The trick is to prevent evaluation of the path in the same fashion as with functions. Also you can convert between paths and blocks.

>> to-block :p
== [a b c]
>> to-path to-block :p
== a/b/c

Larry Palmiter

Sorting a series of objects

"Sorting a series of objects" {

SORT has a compare refinement. So use sort on the series but supply a function that will compare your objects.

See "Comparison Functions" in "Sorting Series" of the Rebol/Core documentation.

So using your example:

dir: []
foreach file read %. [
     info: info? file
     append dir make object! [date: info/date file_name: file]
]
sort/compare dir func[a b][lesser? a/date b/date]

We can make a function that sorts series given a field name:

sort-object-series: func [
    "Sorts a series of objects"
    series [series!]
    field [word!]
][
    sort/compare series func[a b][lesser? get in a field get in b field]
]

Now we can do this:

sort-object-series dir 'date
sort-object-series dir 'file_name

Brett Handley

Return from the middle of a script

you can try:

result: catch [
    do script
]

and in script:

if some-condition [
    throw string1
]

What are objects good for

"Objects provide a way to group a set of values into a context that can be
passed around as a whole and treated as a single value. This is useful for
dealing with structures that are more complex in nature, as they allow the
data and code to be kept together (encapsulated).

Once created, an object can be treated as a single value. It can be passed
to a function as an argument, returned from a function as a result, or set
to a word. The values within the object are accessed by name. "

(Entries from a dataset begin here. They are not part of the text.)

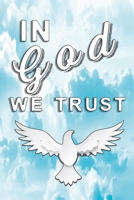 In God we trust: Godly notebook with white pigeon 1089153910 Book Cover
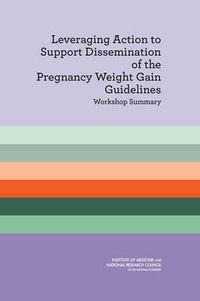 Cover image for Leveraging Action to Support Dissemination of the Pregnancy Weight Gain Guidelines: Workshop Summary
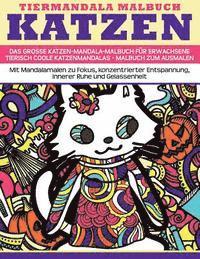 bokomslag Tiermandala-Malbuch Katzen - Das grosse Katzen-Mandala-Malbuch fuer Erwachsene - Tierisch coole Katzenmandalas - Malbuch zum Ausmalen: Mit Mandalamale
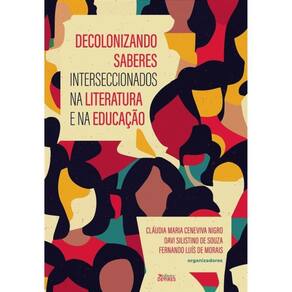 Decolonizando Saberes Interseccionados Na Literatura E Na Educação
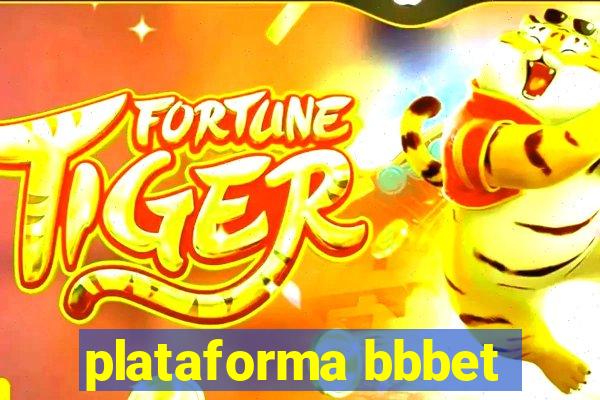 plataforma bbbet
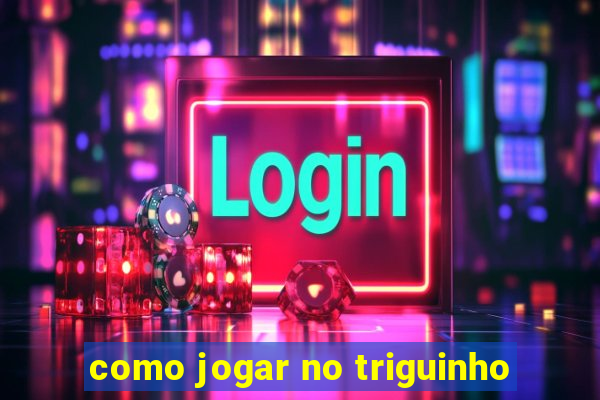 como jogar no triguinho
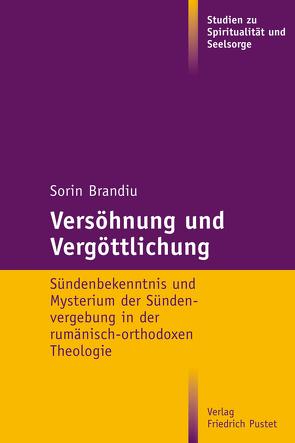 Versöhnung und Vergöttlichung von Brandiu,  Sorin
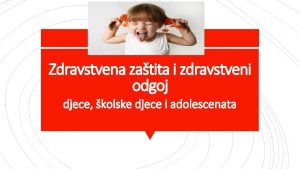 Zdravstvena zatita i zdravstveni odgoj djece kolske djece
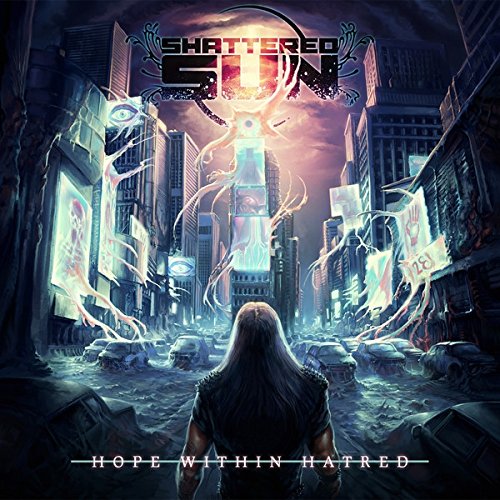 Shattered Sun HOPE WITHIN HATRED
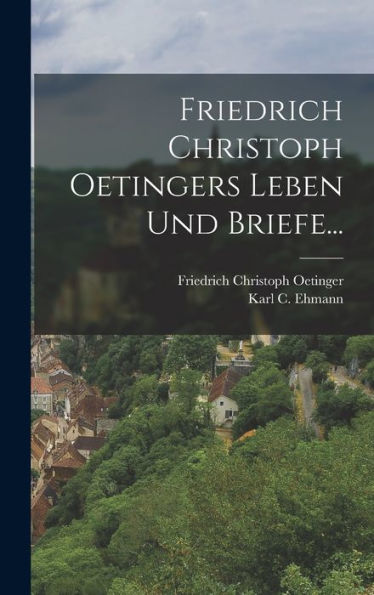 Friedrich Christoph Oetingers Leben Und Briefe... (German Edition) - 9781018750521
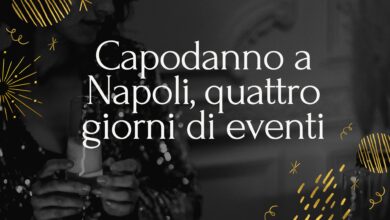 Capodanno a Napoli, quattro giorni di eventi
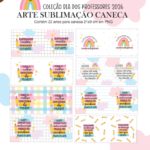 Arquivo Dia dos Professores Sublimação Canecas Arco-Íris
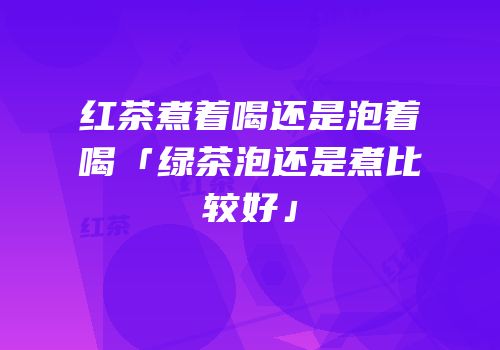 红茶煮着喝还是泡着喝「绿茶泡还是煮比较好」
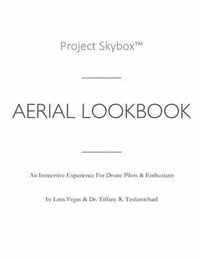 Project Skybox Aerial Lookbook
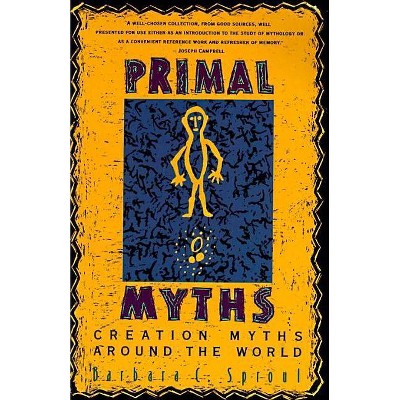 Primal Myths - 60th Edition by  Barbara C Sproul (Paperback)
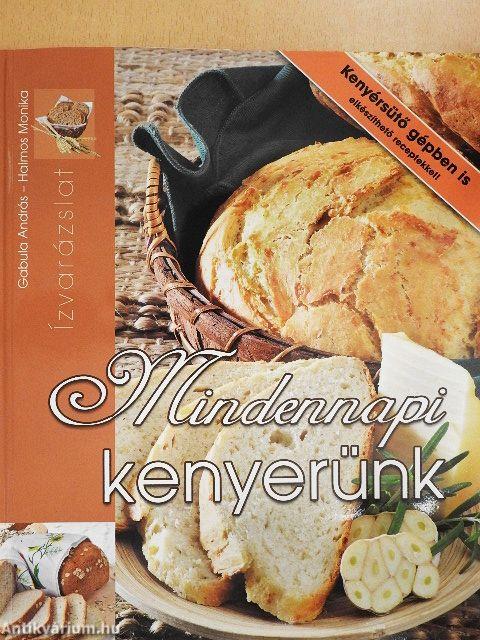 Mindennapi kenyerünk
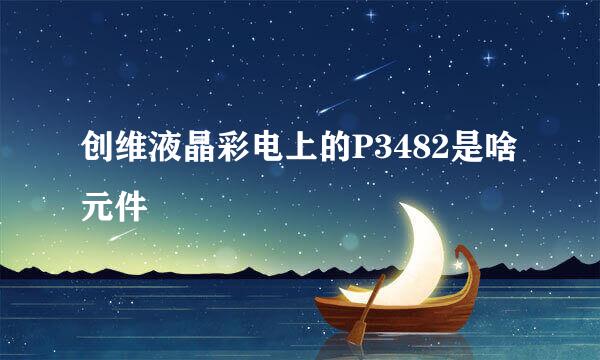 创维液晶彩电上的P3482是啥元件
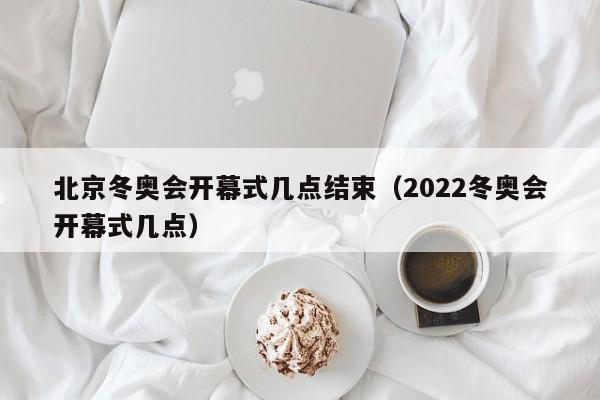 北京冬奥会开幕式几点结束（2022冬奥会开幕式几点）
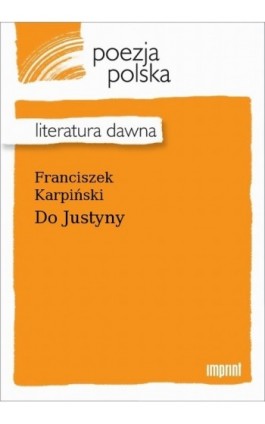Do Justyny - Franciszek Karpiński - Ebook - 978-83-270-4077-0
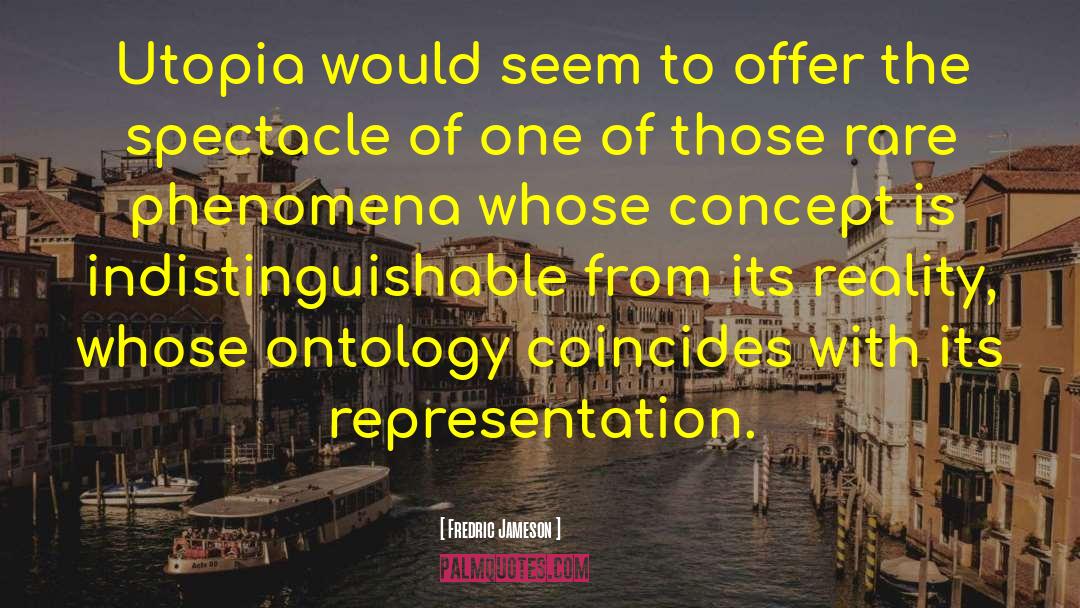 Fredric Jameson Quotes: Utopia would seem to offer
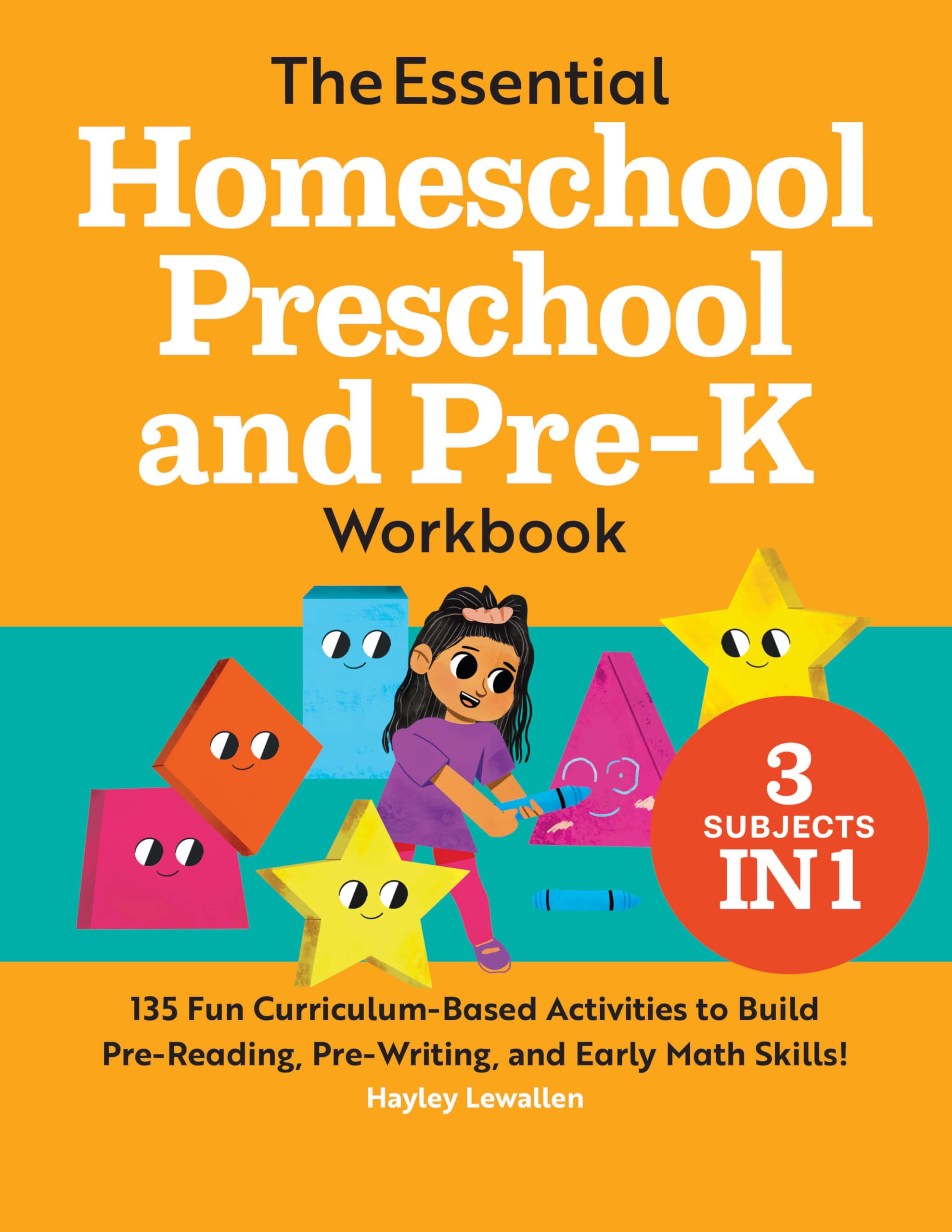 The Essential Homeschool Preschool and Pre-K Workbook: 135 Fun Curriculum-Based Activities to Build Pre-Reading, Pre-Writing, and Early Math Skills! (Homeschool Workbooks) Paperback – September 14, 2021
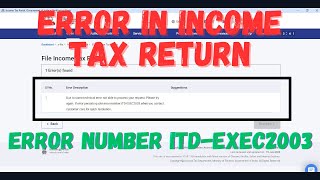 Income Tax Return error ITDEXEC2003  ITR AY202425 [upl. by Dewain]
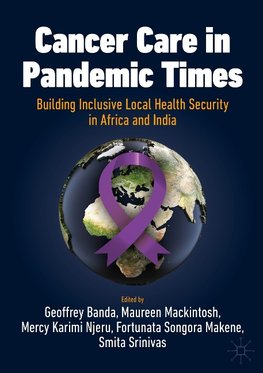 Cancer Care in Pandemic Times: Building Inclusive Local Health Security in Africa and India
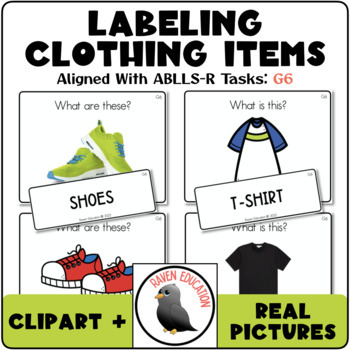 Labeling Clothing Items (Aligned With ABLLS-R G6) by Raven Education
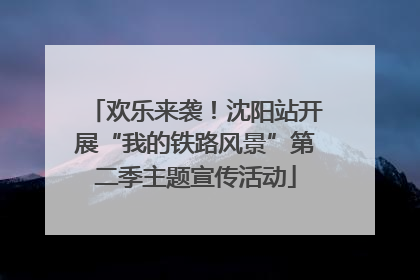 欢乐来袭！沈阳站开展“我的铁路风景”第二季主题宣传活动
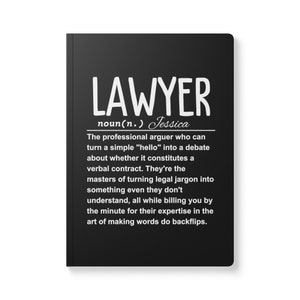 Lawyer Graduation Gift | Law Student Graduate | Law School Gift | Lawyer Notebook | Attorney Gift | Graduating Law School Softcover Journal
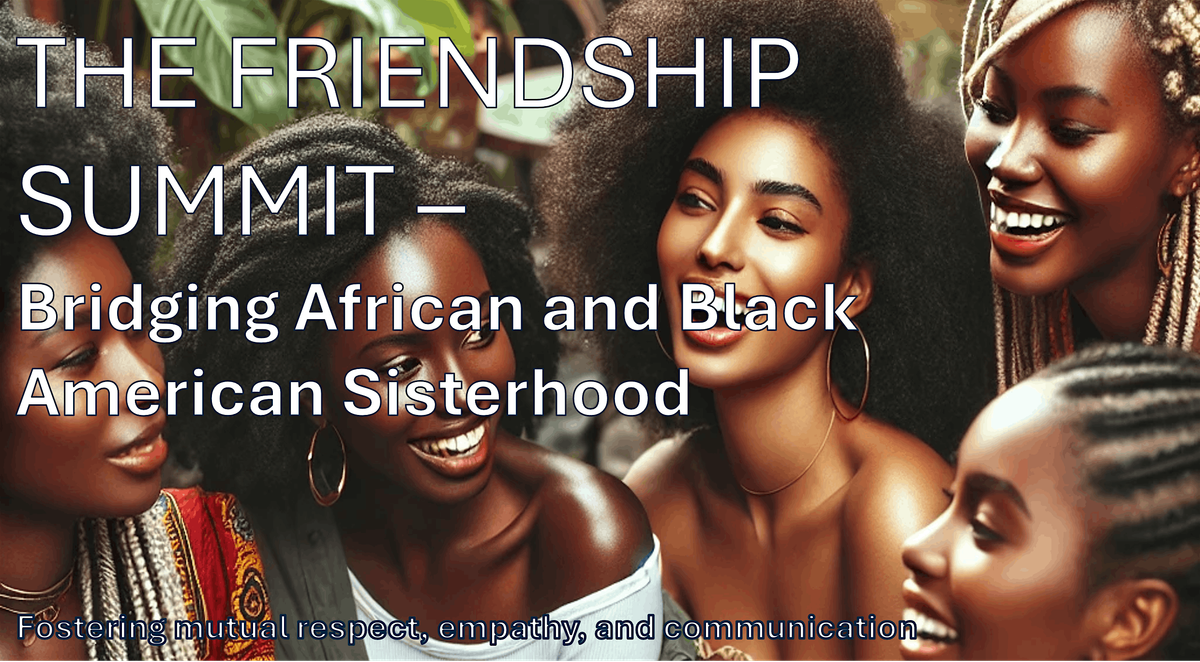 Women of African Descent: Bridging the Gaps Between Our Communities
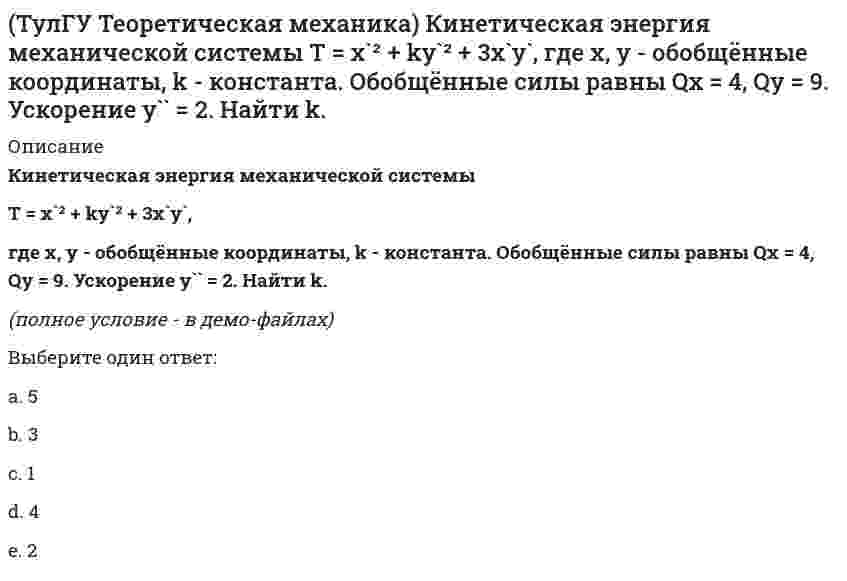     
          Описание
          Кинетическая энергия механической системы, выраженная через обобщённые координаты х и у, равна T = 2x`² + 3y`². Обобщённые силы равны Qx = 12, Qy = 9. Найти отношение ускорений x``/y``.(полное условие - в демо-файлах)Выберите один ответ:a. 0b. 2c. 1d. -2e. -1  
            
            
            (ТулГУ Теоретическая механика) Кинетическая энергия механической системы, выраженная через обобщённые координаты х и у, равна T = 2x`² + 3y`². Обобщённые силы равны Qx = 12, Qy = 9. Найти отношение ускорений x``/y``.(ТулГУ Теоретическая механика) Кинетический потенциал механической системы L = 2q`² + kq, где q - обобщённая координата, k - константа. Найти k, если начальная скорость q`₀ = 2 м/с вдвое меньше скорости q` в момент времени t = 8 с.(ТулГУ Теоретическая механика) Кинетический потенциал механической системы L = 3x`² + 2y`² + 2x`y` – 5x², где х, у - обобщённые координаты. Найти ускорение x`` в момент времени, когда х = 1.(ТулГУ Теоретическая механика) Колесо катится без скольжения по прямолинейному горизонтальному рельсу. Скорость центра колеса постоянна. Как направлено нормальное ускорение точки М?(ТулГУ Теоретическая механика) Колесо катится без скольжения по прямолинейному горизонтальному рельсу. Скорость центра колеса постоянна. Точка Р - точка касания. Как направлено ускорение точки Р?(ТулГУ Теоретическая механика) Кривошип 2 вращается вокруг оси 1 с постоянной скоростью, диск 3 при этом катится по неподвижной плоскости 4 без скольжения. Как направлен вектор абсолютного углового ускорения диска?(ТулГУ Теоретическая механика) Кривошип ОА, вращающийся равномерно вокруг оси О, приводит в движение ползун В, движущийся по прямолинейным направляющим. Какая из точек А, В, С или М шатуна АМ имеет наибольшее по величине ускорение, если ОА = АВ?(ТулГУ Теоретическая механика) Зубчатые колеса 1, 2, 3 и 4, находящиеся в зацеплении, имеют неподвижные оси вращения. Радиусы колёс удовлетворяют соотношению: R1 > R2 > R3 > R4. Какая из точек A, B, C или D имеет наибольшее вращательное ускорение?(ТулГУ Теоретическая механика) Интегрирования какого вида уравнений нельзя провести обычными методами?ТулГУ Теоретическая механика > Итоговый тест (часть 1 статика, кинематика) (ответы на тест)ТулГУ Теоретическая механика > Итоговый тест (часть 2 динамика) (ответы на тест)(ТулГУ Теоретическая механика) Каково число уравнений, выражающих принцип Даламбера для произвольной плоской системы параллельных сил?(ТулГУ Теоретическая механика) Какое движение получается в результате сложения двух вращательных движений, происходящих вокруг пересекающихся осей?(ТулГУ Теоретическая механика) Кинетическая энергия консервативной системы T = a₁₁x`₁² + a₂₂x`₂², потенциальная энергия П = c₁₁x₁² + c₂₂x₂². Будут ли дифференциальные уравнения системы взаимно независимы?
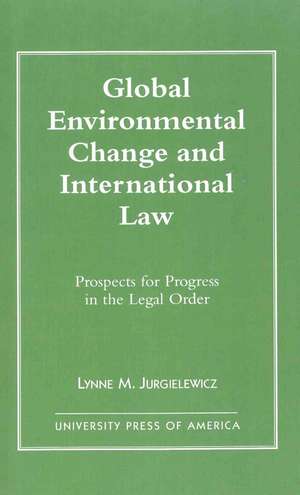 Global Environmental Change and International Law de Lynne M. Jurgielewicz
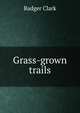 Grass-grown trails, Badger Clark 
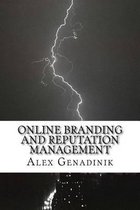 Online branding and reputation management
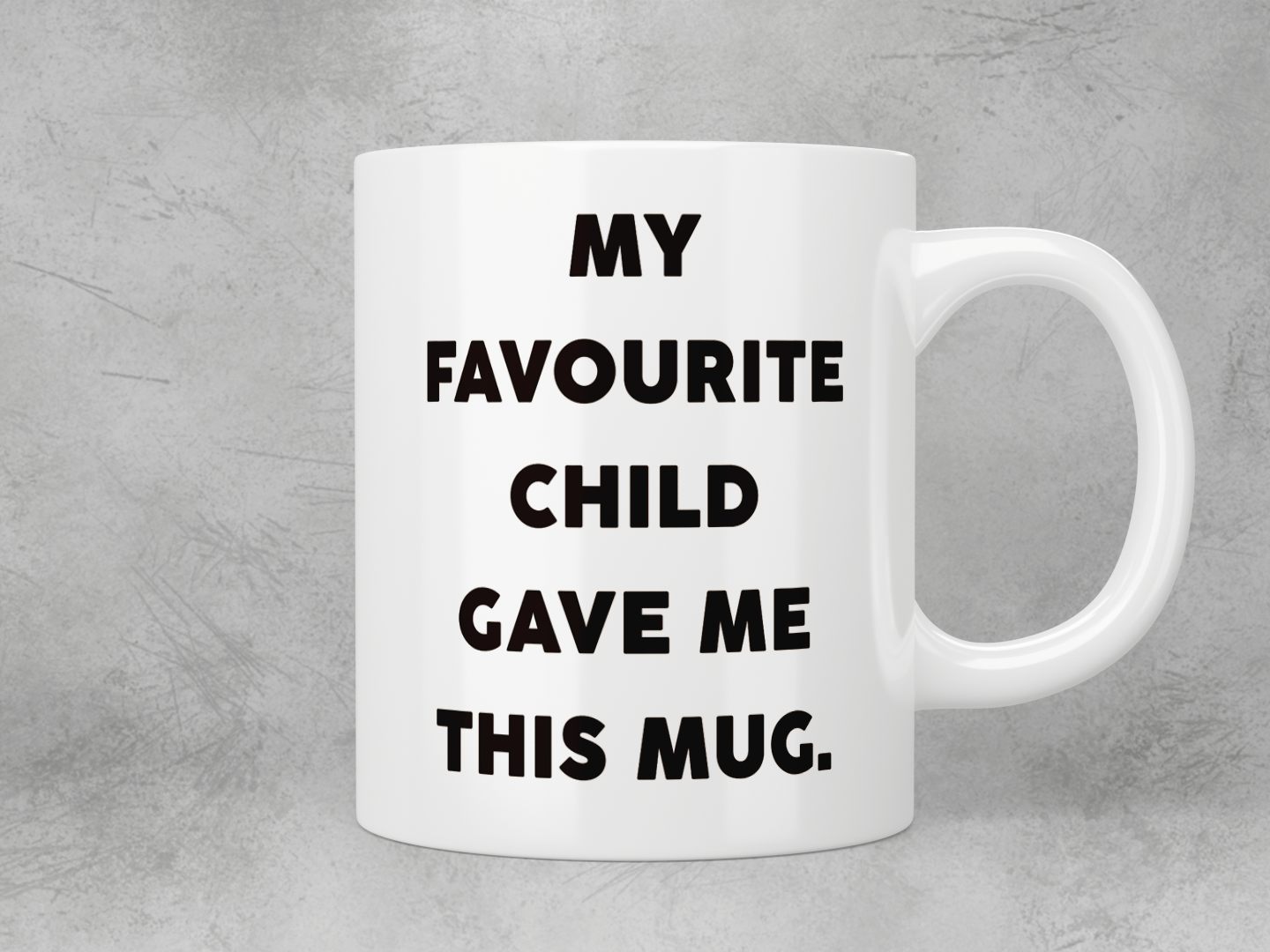 My favourite child gave me this mug - mug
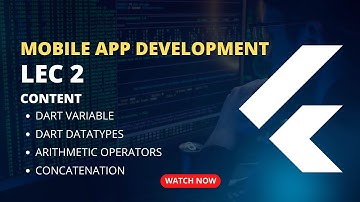 2.Master Dart Programming  | Episode 2: Dart Variables, Data Types, Arithmetic Operators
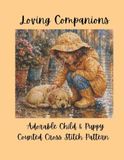 Loving Companions: Adorable Child & Puppy Counted Cross Stitch Pattern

That was from the user guide.

Objects help to structure scripts.

Think of how useful local variables are in functions. You create a local variable, use it and know that it will not clash with words outside of the function*. Objects give you local variables and local functions packaged together into one blob. Now that is useful. The local functions can see the local variables and the other local functions and be like a mini-program embedded inside a bigger one.

Before I get clouted for using confusing terminology - the guide refers to these as "fields" or "instance variables" and "object functions".

Here's an example, when I've been programming using the parse function, I can end up with quite a few parse rules and other variables related to parsing. It might be that I want my parsing functionality to be part of a bigger script - so it would be good to put everything related to parsing (rules, flags, functions) in one spot - an object. Doing this makes my overall script more readable since I know that everything in that particular object relates to the parsing functionality. Also, it simplifies the my naming of words and prevents naming clashes with global words. It sort of like having work areas of a factory floor painted with coloured safety lines in order to separate hazardous machines or processes.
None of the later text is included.